*INFORMATION PROVIDED*

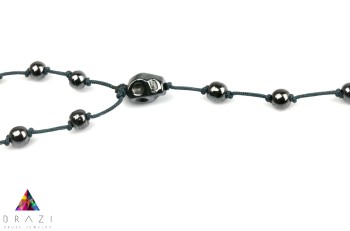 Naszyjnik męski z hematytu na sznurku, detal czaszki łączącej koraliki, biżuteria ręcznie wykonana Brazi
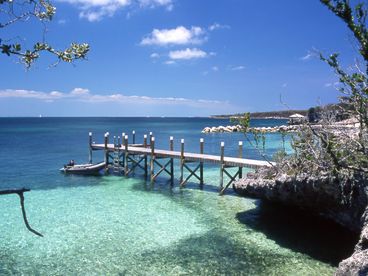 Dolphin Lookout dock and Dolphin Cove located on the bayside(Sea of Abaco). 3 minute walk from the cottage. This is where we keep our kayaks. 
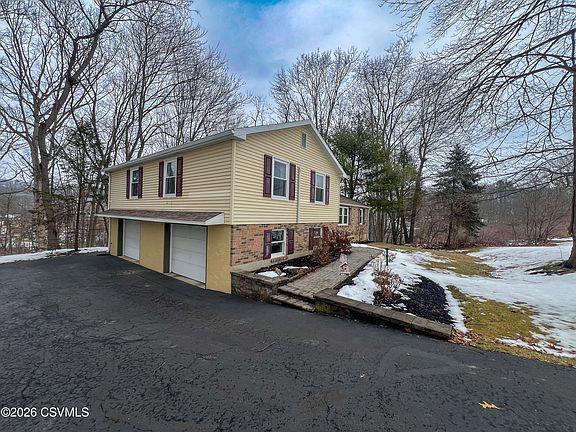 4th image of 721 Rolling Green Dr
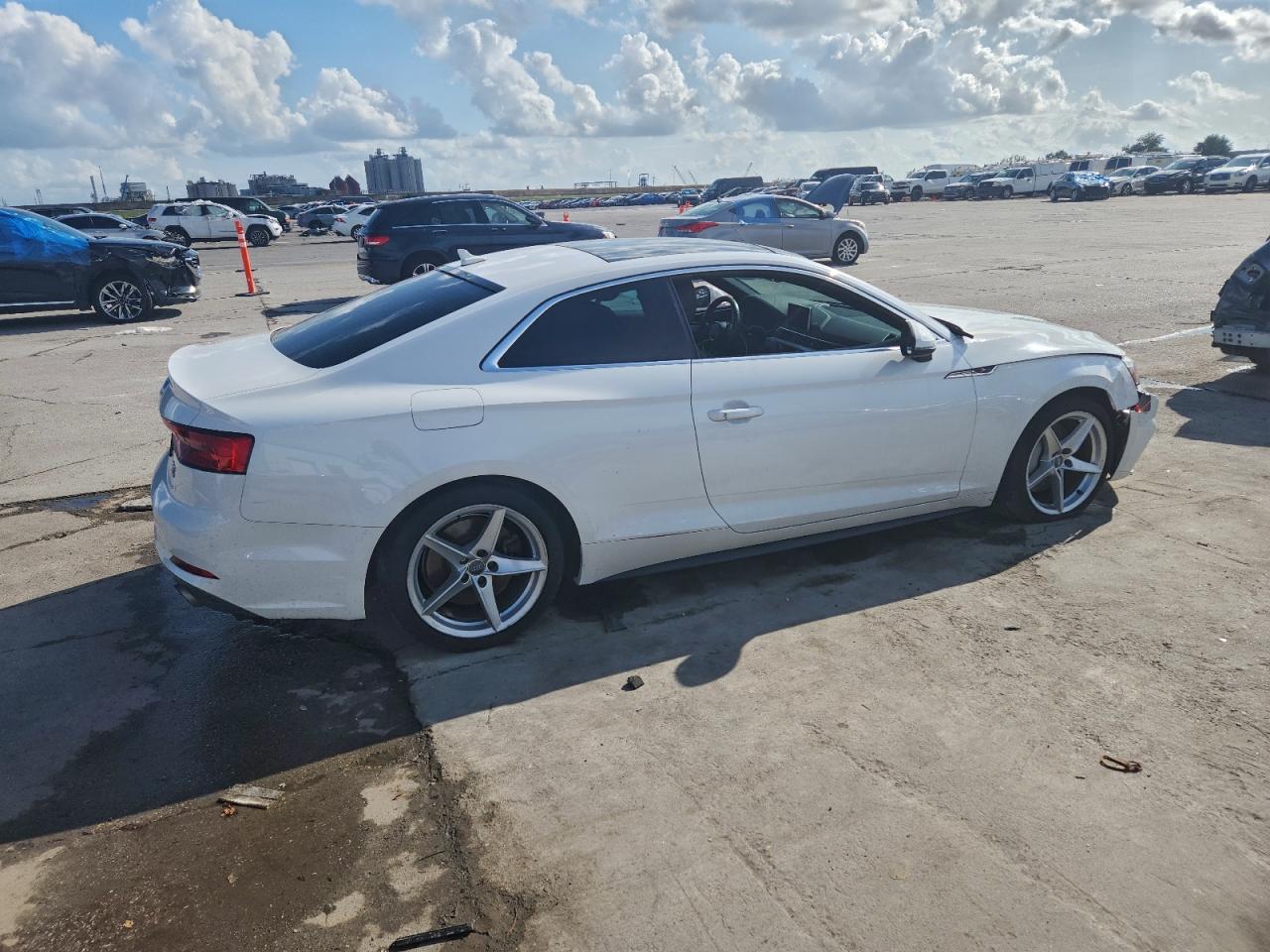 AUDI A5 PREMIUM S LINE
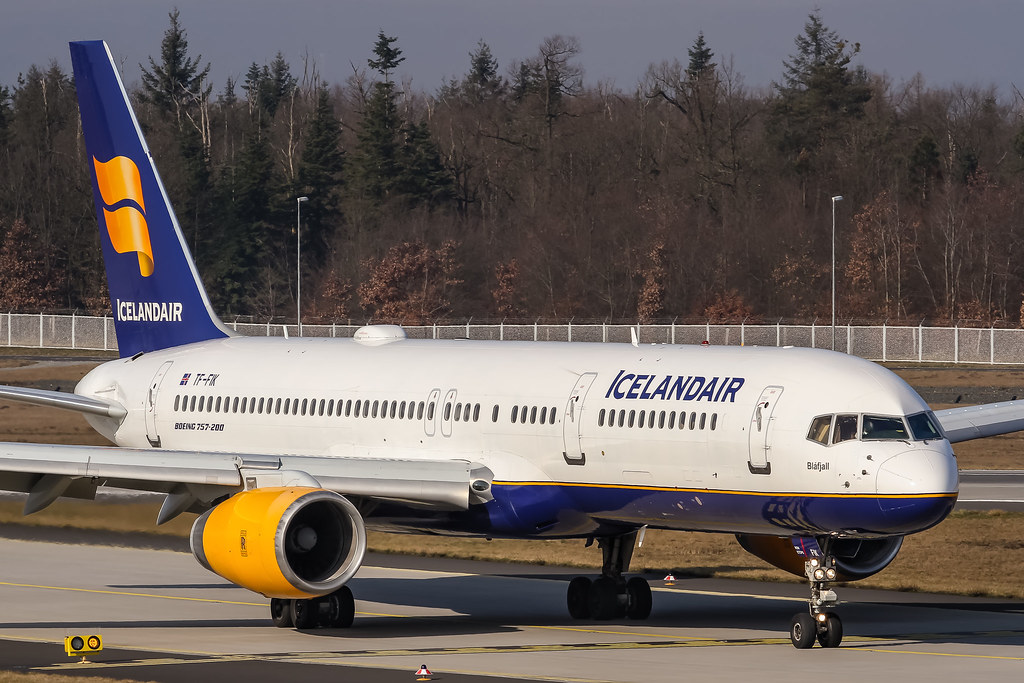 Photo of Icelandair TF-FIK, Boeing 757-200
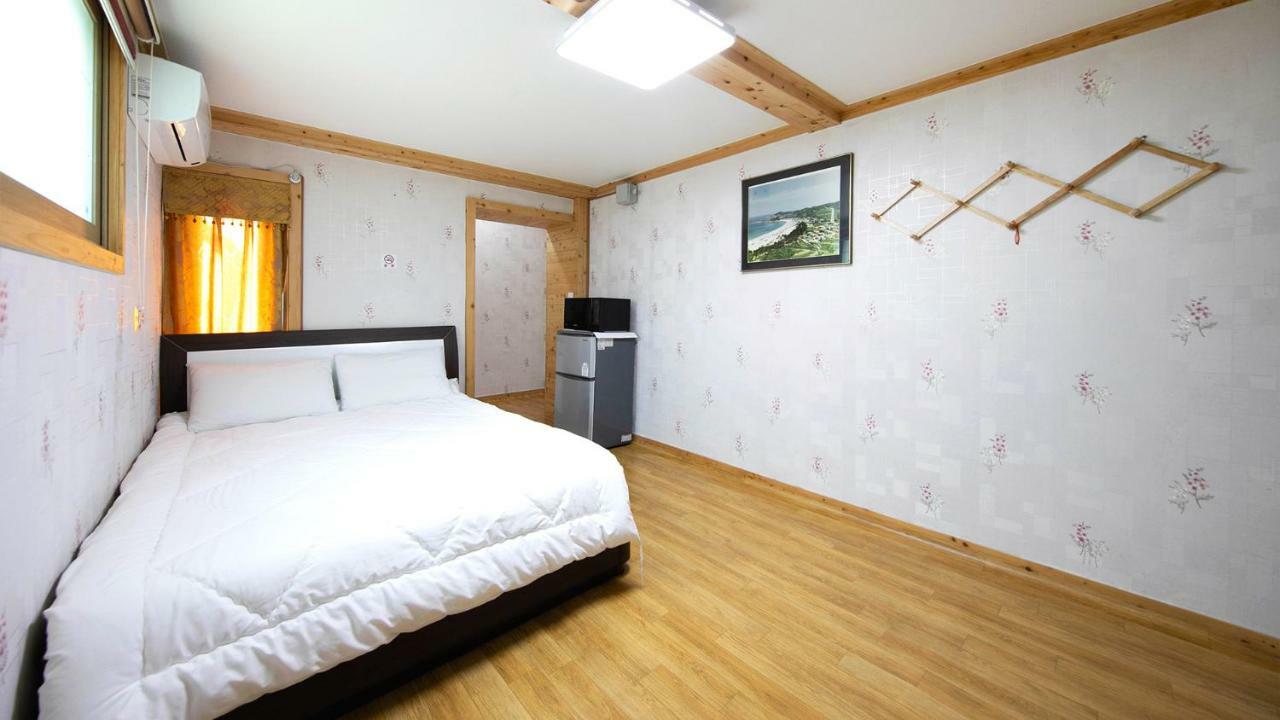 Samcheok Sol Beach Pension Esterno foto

*EXERCISE GOAL*
Output all data exactly, omitting images.

*ANSWER BOX*
 Naszyjnik męski z hematytu na sznurku, detal czaszki łączącej koraliki, biżuteria ręcznie wykonana Brazi
 Dolphin Lookout dock and Dolphin Cove located on the bayside(Sea of Abaco). 3 minute walk from the cottage. This is where we keep our kayaks. 
 4th image of 721 Rolling Green Dr
 AUDI A5 PREMIUM S LINE
 Photo of Icelandair TF-FIK, Boeing 757-200
 Samcheok Sol Beach Pension Esterno foto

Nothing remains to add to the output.